Task data:
--- START ---

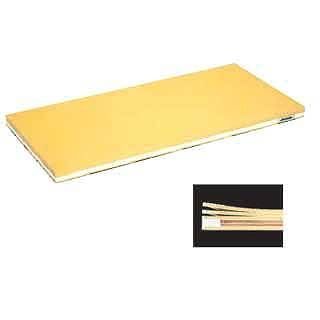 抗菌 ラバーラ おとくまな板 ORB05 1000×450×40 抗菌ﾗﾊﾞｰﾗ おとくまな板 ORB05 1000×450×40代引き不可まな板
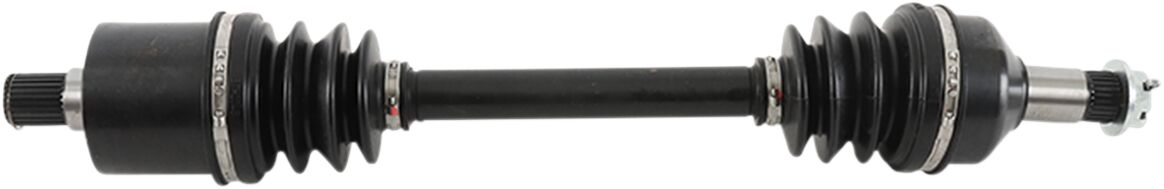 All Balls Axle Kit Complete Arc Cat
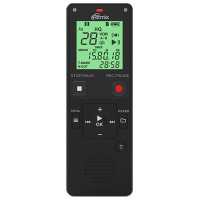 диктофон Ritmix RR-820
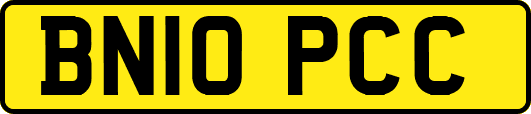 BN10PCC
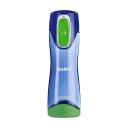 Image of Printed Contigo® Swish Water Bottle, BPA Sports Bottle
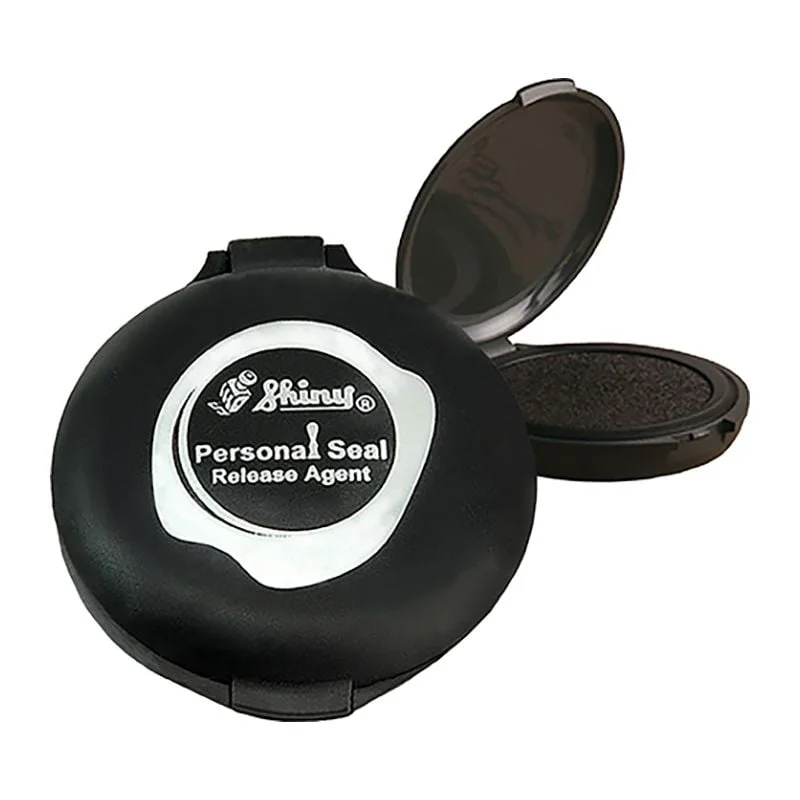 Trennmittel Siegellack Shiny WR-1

--- END ---
--- START ---

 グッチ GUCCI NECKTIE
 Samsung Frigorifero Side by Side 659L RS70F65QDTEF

--- END ---
--- START ---

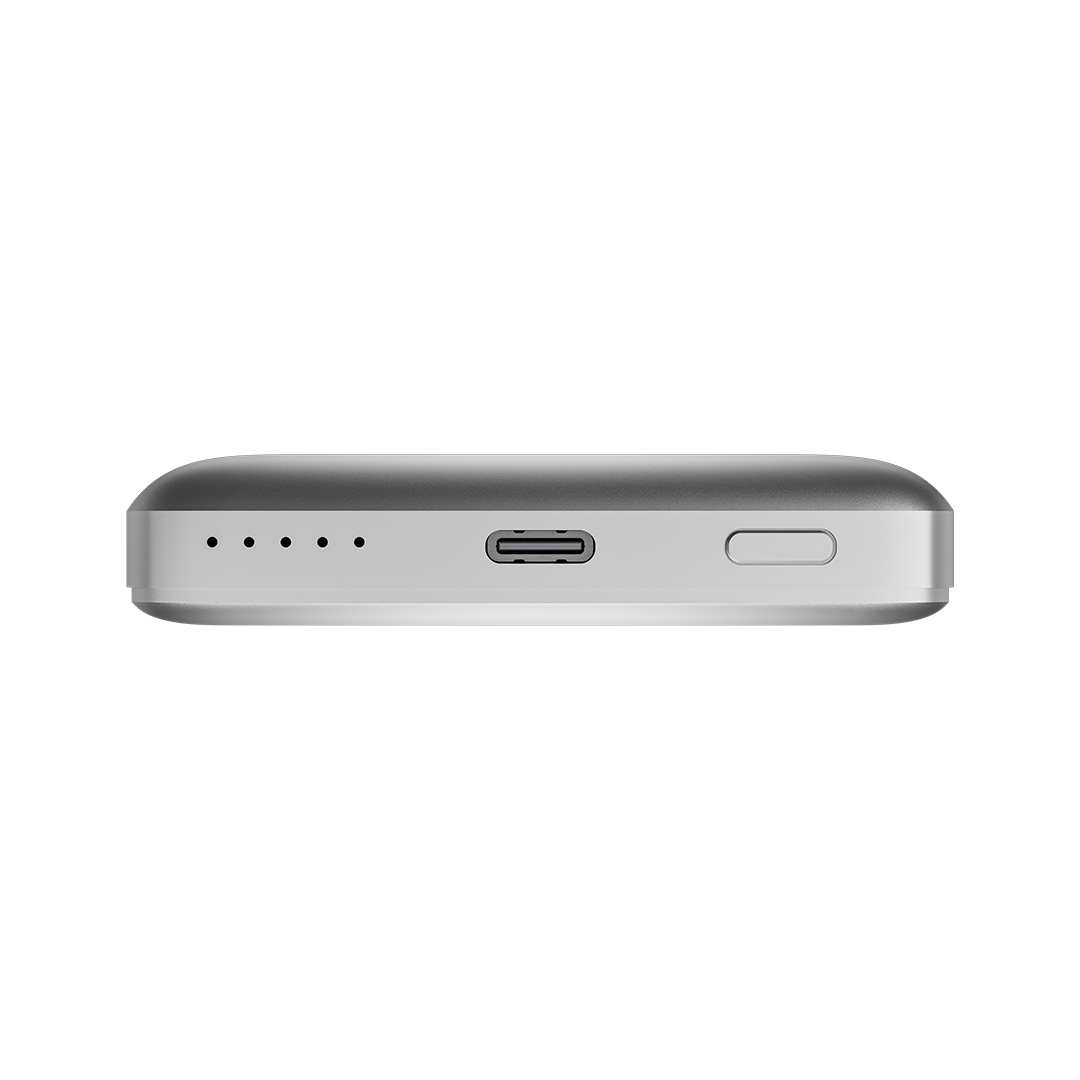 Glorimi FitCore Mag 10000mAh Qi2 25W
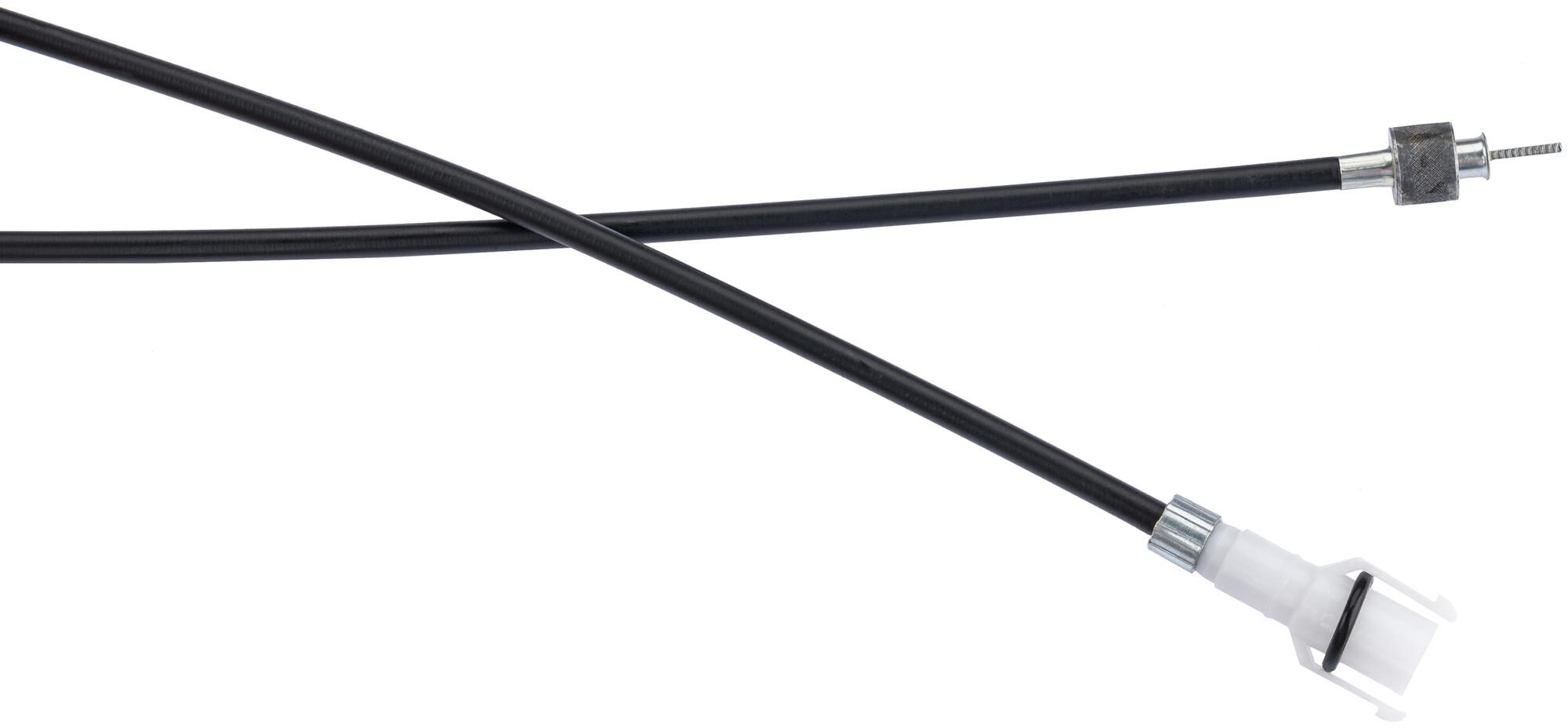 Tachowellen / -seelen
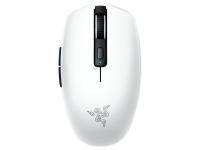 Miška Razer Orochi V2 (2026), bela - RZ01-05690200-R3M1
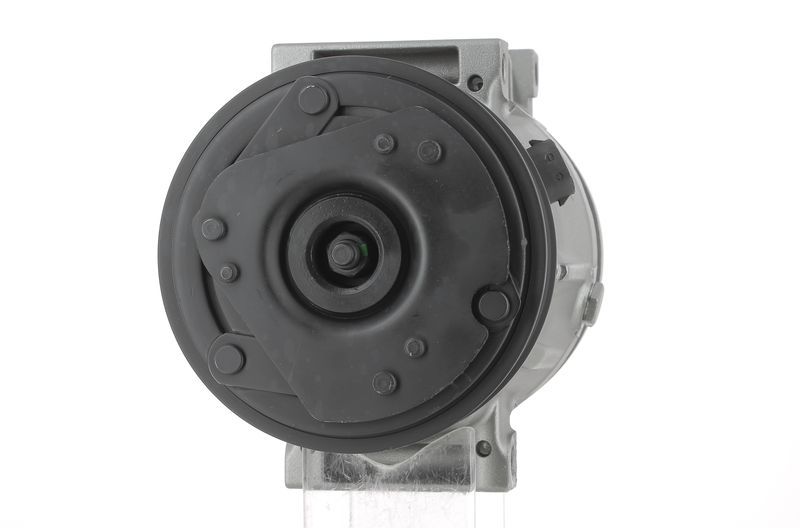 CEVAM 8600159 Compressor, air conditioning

--- END ---

Task details:
In the listing above, find the line containing "抗菌 ラバーラ おとくまな板" and the line containing "Trennmittel Siegellack Shiny WR-1". Reproduce those lines and all between them exactly, with no pictures and nothing more.

Solution:
 抗菌 ラバーラ おとくまな板 ORB05 1000×450×40 抗菌ﾗﾊﾞｰﾗ おとくまな板 ORB05 1000×450×40代引き不可まな板
 All Balls Axle Kit Complete Arc Cat
 диктофон Ritmix RR-820
 BN10PCC
 Image of Printed Contigo® Swish Water Bottle, BPA Sports Bottle
 Trennmittel Siegellack Shiny WR-1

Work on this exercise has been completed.